I suspect several good reasons exist as to why it’s impossible to predict the future (by scientists themselves or sci-fi writers), and I can’t go into all of them, so for what it’s worth, here’s my explanation: too many scientists.
Every breakthrough in science has to start in somebody’s laboratory (or basement or garage). Someone makes an observation, small at the time, and publishes it in a scientific journal. Then that scientist–and others as well–may work on it and develop it until it becomes a big damn deal. At that point it becomes a real breakthrough and is hailed as the next big thing. That can take a long time, though, ten or twenty years or more. Yet, it had to start with a single, simple observation or concept. Thomas Edison is reputed to have said that genius is one percent inspiration and ninety-nine percent perspiration.
There are millions of scientists in the world today, most of whom publish papers that wind up in scientific journals. That’s a lot of papers–millions every year. No scientist has the time to read all those papers. Not even close. As a virologist, I read papers only in my limited field within the overall broad field of virology. And virology is only one part of the larger field of microbiology, which is one part of the still larger field of biology. In one year, I probably read less than one percent of all papers published in virology. A tiny percentage.
In contrast, how many science-fiction writers–currently publishing–are there in the world today? Maybe a few thousand? No science fiction writer has the time to scan all those scientific papers to glean the next big thing. Somewhere, buried in all that science, could be a breakthrough that will lead us to better times for all. (Or most.) But where is it? And not only would that sci-fi writer have to find it, he/she would have to have the intelligence, experience, expertise and training to be able to recognize it in the first place.
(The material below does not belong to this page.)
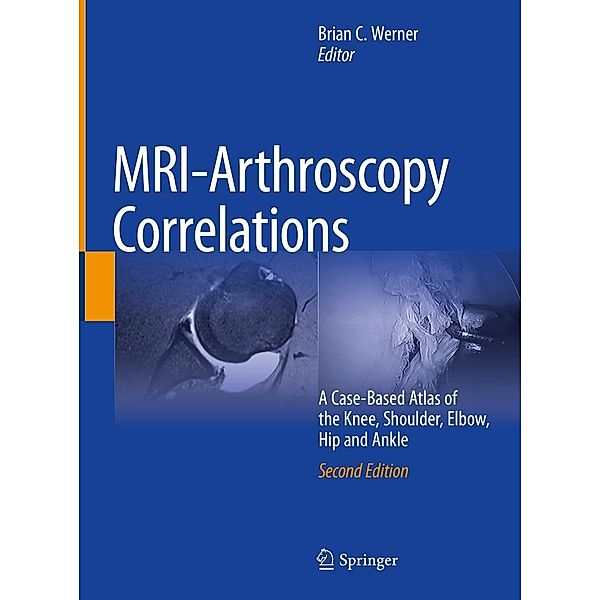 MRI-Arthroscopy Correlations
Science-fiction writers, like everybody else, see mainly the big things that have come up recently, for example, solid-state electronics; the latest iPhone; the images from the Hubble telescope; the data from the Large Hadron Collider; the emergence of diseases such as AIDS, MERS, and ebola; data from neutrino experiments; the development of small personal drones; and so on. Extrapolating from these and others is possible, but leads only to an extrapolated future, not a future populated with the “next great thing.” A good example of that is the talking computer HAL in “2001 A Space Odyssey,” or the computers onboard the Starship Enterprise. The next big thing is somewhere within that mess of scientific journals, and someone’s going to have to find it. It’s extremely unlikely. There’s just too much to wade through.
Read any good scientific journals lately?